Facebook ve Instagram'da yapay zekâ tarafından üretilmiş çıplaklık içerenler de dahil, yetişkinlere yönelik içeriklerin yayınlanması yasaktır. Ancak bu durum, ünlü ve influencer'ların izinsiz, yapay zekâ tarafından üretilmiş çıplak fotoğraflarını üreten "çıplaklaştırma" uygulamalarını durdurmaya yetmiyor. Bu uygulamalar, Meta'nın platformlarında reklam vermeye devam ediyor ve bu reklamlar, belirli bir hizmet için oldukça başarılı bir şekilde çalışıyor. Meta'nın bu tür reklamları engelleme çabaları, bu uygulamaların geliştirdiği yalancı profil ve farklı alan adı taktikleriyle etkisiz kalıyor. Bu durum, Meta'nın içerik yönetimi politikalarında bir tutarsızlığı ortaya koyuyor. Zira kullanıcılar tarafından yüklenen benzer içerikler otomatik olarak tespit edilip silinirken, reklam platformunda yayınlananlar gözden kaçıyor. Bu durum, platformun genç kullanıcılarını korumak istediği davranışların, Meta'nın kendi platformları aracılığıyla nasıl yayıldığının bir kanıtıdır.

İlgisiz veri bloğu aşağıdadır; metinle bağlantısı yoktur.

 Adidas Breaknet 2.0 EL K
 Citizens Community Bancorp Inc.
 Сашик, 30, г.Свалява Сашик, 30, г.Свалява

YZ ile Üretilen Çıplak Fotoğraflar ve Reklamcılık
404Media'nın haberine göre, bu "çıplaklaştırma" uygulaması, trafiğinin büyük bir kısmını Facebook ve Instagram gibi Meta platformlarından alıyor. Similarweb verilerine göre uygulama geçtiğimiz ay çeyrek milyondan fazla ziyaret aldı ve bu trafiğin yüzde 90'ı Meta'dan kaynaklanıyor. Uygulama, reklamlarında hizmetini açıkça anlatıyor: kullanıcılar "istedikleri fotoğrafı yükleyip" daha sonra "kıyafetleri silebiliyorlar". Bu durum, Meta'nın yapay zekânın kötüye kullanımını engelleme konusunda yetersiz kaldığını gösteriyor. Bu uygulamaların Meta'nın reklam politikalarını nasıl atlatabildiğinin ve bu durumun Meta'nın sorumluluğunu nasıl etkilediğinin ayrıntılı bir incelemeye tabi tutulması gerekiyor. Sonuç olarak, Meta'nın bu konudaki daha etkili ve proaktif önlemler alması şart görünüyor.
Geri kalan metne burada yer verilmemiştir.